Description
🐞 bug report
Affected Rule
"@rules_python//python/extensions:pip.bzl" and any py_binary rules which have dependency "@pip//torch:pkg" and cause import torch
to be called.
Is this a regression?
Yes, the previous version in which this bug was not present was: ....Description
Torch ships with its own nvidia drivers which end up, for example, at site-packages/nvidia/nccl/lib/libnccl.so.2
. Torch is usually installed into site-packages/torch
and there is a library here site-packages/torch/_C.cpython-311-x86_64-linux-gnu.so
which declares a dependency on libnccl through the rpath mechanism. See the output of readelf below.

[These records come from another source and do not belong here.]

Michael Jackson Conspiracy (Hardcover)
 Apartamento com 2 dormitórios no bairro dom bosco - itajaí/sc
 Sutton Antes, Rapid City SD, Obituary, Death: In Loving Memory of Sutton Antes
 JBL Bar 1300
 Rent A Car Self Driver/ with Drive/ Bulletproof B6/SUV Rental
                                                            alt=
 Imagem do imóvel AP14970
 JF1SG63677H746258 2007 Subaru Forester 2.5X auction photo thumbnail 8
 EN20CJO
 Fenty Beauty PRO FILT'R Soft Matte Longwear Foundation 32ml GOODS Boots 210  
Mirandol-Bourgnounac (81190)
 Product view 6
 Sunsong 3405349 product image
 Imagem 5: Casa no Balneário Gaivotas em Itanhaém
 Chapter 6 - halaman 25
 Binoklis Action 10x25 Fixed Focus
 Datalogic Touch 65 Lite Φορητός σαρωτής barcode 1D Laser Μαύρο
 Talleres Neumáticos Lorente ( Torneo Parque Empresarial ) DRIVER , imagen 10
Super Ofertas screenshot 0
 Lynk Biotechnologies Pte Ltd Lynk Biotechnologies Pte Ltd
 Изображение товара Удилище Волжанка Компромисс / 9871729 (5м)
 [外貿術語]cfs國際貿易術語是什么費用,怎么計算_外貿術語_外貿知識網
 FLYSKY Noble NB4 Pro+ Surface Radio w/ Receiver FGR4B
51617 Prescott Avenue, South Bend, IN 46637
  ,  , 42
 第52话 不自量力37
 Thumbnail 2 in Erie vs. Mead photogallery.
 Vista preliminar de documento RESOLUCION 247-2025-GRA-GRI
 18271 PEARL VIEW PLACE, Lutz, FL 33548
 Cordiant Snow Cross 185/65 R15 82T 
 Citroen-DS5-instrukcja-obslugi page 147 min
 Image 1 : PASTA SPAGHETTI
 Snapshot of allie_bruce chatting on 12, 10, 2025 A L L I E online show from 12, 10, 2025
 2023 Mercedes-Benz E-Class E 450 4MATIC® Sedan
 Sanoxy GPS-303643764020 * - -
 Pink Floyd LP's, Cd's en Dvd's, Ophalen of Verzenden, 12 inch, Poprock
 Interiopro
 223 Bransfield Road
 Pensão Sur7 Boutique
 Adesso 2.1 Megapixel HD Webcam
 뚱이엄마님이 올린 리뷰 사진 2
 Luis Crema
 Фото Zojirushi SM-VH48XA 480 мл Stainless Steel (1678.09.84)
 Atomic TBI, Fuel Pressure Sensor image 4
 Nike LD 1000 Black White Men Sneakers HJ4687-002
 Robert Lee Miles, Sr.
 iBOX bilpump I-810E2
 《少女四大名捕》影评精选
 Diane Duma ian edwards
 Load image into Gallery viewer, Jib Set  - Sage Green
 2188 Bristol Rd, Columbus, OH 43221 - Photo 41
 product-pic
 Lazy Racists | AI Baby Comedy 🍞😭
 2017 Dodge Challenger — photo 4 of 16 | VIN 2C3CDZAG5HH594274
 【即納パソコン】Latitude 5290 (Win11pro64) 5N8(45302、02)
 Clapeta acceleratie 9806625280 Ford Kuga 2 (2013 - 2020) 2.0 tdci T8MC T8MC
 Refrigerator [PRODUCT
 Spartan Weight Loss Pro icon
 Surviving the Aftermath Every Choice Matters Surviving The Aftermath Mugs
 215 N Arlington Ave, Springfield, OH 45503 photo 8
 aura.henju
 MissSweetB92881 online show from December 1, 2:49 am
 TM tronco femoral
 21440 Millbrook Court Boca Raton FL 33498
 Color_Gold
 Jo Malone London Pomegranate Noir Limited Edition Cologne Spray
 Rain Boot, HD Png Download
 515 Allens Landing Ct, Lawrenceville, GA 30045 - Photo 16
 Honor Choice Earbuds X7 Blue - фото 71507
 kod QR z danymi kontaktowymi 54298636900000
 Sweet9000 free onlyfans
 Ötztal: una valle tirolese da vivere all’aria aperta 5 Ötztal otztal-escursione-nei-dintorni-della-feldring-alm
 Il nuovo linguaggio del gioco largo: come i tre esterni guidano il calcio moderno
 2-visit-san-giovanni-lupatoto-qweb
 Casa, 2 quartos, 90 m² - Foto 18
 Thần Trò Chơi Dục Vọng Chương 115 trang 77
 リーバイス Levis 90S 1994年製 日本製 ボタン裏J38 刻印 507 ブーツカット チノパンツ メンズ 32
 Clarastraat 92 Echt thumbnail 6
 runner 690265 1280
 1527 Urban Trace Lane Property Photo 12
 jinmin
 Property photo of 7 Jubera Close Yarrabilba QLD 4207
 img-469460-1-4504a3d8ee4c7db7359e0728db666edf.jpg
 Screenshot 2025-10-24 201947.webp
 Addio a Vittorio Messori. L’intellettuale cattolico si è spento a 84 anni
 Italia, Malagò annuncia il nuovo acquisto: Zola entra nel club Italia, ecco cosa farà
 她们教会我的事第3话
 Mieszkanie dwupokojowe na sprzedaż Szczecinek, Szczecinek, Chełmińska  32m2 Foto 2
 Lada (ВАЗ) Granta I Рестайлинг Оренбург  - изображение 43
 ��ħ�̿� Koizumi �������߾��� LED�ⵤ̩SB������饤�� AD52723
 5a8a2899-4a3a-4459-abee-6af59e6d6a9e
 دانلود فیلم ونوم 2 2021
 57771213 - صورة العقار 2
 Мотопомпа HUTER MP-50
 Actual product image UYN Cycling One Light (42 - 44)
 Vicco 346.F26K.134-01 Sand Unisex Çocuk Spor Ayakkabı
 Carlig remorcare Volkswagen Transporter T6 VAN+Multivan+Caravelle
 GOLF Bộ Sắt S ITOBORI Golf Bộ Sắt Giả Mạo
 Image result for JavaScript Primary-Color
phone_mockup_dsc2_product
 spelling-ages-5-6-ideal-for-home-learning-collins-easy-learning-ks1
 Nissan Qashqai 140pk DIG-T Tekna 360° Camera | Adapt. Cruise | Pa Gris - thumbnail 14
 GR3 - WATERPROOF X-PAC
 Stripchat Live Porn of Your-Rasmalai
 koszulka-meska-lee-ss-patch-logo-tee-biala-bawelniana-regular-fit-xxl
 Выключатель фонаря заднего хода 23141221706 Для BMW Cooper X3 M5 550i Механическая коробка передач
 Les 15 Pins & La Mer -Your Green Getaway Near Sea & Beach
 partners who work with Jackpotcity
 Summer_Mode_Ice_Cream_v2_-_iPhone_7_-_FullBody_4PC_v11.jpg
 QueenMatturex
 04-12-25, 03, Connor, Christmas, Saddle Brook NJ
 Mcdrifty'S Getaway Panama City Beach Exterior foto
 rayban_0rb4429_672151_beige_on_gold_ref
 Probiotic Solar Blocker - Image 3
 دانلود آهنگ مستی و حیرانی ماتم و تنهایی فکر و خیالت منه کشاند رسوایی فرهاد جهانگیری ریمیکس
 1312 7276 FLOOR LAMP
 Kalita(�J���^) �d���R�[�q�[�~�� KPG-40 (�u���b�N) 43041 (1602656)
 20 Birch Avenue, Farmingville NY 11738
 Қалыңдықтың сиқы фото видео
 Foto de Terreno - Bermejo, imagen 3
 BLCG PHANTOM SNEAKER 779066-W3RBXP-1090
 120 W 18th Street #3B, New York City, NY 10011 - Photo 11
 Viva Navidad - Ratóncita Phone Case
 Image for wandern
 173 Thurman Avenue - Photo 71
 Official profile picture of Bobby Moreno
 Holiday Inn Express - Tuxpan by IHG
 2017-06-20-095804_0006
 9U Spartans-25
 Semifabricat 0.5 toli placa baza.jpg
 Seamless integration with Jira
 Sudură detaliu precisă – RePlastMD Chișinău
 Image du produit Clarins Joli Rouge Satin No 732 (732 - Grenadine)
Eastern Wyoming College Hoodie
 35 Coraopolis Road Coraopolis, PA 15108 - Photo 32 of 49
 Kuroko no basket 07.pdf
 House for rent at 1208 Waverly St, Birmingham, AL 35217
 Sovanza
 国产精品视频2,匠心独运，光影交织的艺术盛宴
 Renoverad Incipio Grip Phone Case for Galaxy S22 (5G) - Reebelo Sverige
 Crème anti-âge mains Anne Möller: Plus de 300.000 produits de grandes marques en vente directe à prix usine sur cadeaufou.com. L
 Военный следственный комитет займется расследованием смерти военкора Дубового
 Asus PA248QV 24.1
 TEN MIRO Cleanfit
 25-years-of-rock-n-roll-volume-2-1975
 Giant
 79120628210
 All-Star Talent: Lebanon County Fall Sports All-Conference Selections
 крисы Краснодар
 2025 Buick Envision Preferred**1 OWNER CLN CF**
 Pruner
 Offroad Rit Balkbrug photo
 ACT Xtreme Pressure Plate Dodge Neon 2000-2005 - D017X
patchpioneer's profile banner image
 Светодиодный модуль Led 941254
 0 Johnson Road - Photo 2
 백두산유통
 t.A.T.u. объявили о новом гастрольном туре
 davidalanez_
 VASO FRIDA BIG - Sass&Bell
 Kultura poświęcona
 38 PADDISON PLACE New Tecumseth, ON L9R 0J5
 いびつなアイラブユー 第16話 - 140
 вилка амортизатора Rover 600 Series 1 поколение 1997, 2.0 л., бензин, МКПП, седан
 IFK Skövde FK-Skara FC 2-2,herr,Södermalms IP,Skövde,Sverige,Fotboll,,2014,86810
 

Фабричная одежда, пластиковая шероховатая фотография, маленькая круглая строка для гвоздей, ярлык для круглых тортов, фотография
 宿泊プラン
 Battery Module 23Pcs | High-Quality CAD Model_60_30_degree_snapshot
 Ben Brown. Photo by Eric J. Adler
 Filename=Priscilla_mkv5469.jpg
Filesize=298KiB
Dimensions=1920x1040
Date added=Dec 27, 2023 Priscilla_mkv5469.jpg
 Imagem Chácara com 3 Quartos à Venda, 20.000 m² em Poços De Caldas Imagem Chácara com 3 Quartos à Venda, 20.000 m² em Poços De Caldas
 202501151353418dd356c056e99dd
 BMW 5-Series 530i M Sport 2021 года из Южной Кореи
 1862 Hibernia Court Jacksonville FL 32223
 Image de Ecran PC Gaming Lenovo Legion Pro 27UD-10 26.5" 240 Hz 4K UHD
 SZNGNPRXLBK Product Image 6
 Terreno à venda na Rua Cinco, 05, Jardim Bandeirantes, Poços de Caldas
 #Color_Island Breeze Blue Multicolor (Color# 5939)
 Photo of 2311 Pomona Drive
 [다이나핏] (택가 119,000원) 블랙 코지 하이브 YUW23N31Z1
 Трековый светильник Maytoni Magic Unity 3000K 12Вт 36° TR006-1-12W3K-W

readelf -d _C.cpython-311-x86_64-linux-gnu.so | grep 'rpath\|runpath'
0x000000000000000f (RPATH) Library rpath: [$ORIGIN/../../nvidia/cublas/lib:$ORIGIN/../../nvidia/cuda_cupti/lib:$ORIGIN/../../nvidia/cuda_nvrtc/lib:$ORIGIN/../../nvidia/cuda_runtime/lib:$ORIGIN/../../nvidia/cudnn/lib:$ORIGIN/../../nvidia/cufft/lib:$ORIGIN/../../nvidia/curand/lib:$ORIGIN/../../nvidia/cusolver/lib:$ORIGIN/../../nvidia/cusparse/lib:$ORIGIN/../../nvidia/nccl/lib:$ORIGIN/../../nvidia/nvtx/lib:$ORIGIN:$ORIGIN/lib]
However, within a Bazel project, the pip extension puts all packages in their own directories so the linker is not able to find the nvidia drivers using relative paths. What ends up happening is that the linker either ends up finding the system drivers at /usr/local/...
or else the Python process raises an ImportError due to the linker failing.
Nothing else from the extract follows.